## Exercise objective
All that is wanted is the line with "Rabbit Handle Combination" and each line after it to the end of the data below, set down exactly and without pictures.

## Raw data
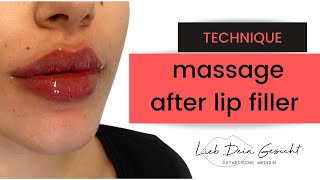 Lip Filler Massage and how to fix Bumps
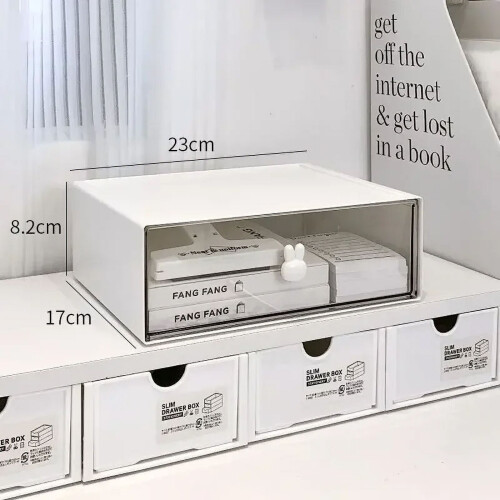 Rabbit Handle Combination Drawer Box Stationery Organizer Desktop Student Multi-Compartment Drawer Pencil Cabinet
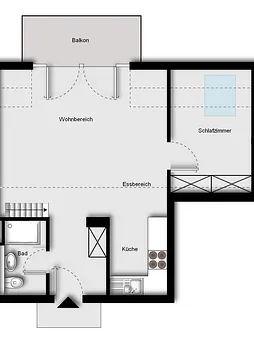 Grundriss untere Ebene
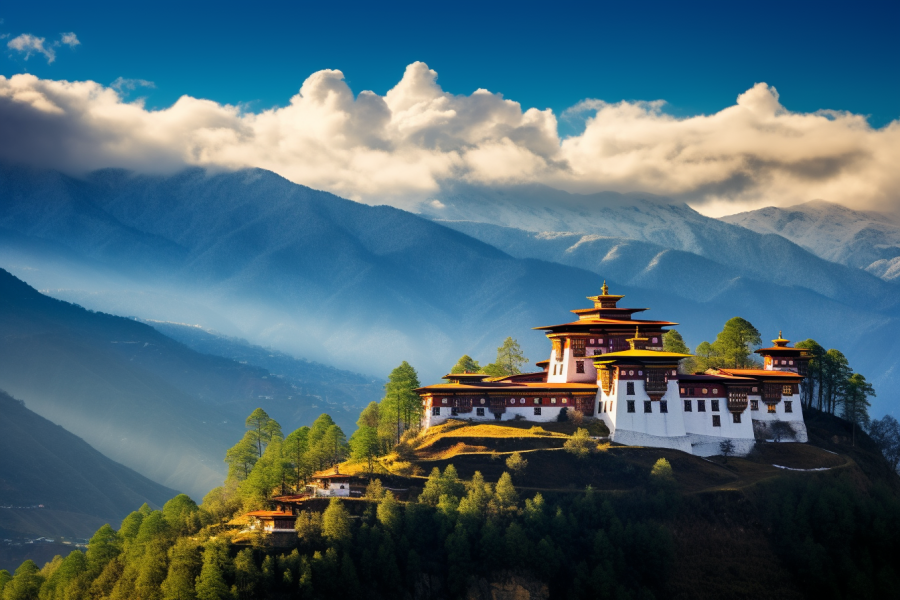 voyage au Bhoutan, paysage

## Solved problem
 Rabbit Handle Combination Drawer Box Stationery Organizer Desktop Student Multi-Compartment Drawer Pencil Cabinet
 Grundriss untere Ebene
 voyage au Bhoutan, paysage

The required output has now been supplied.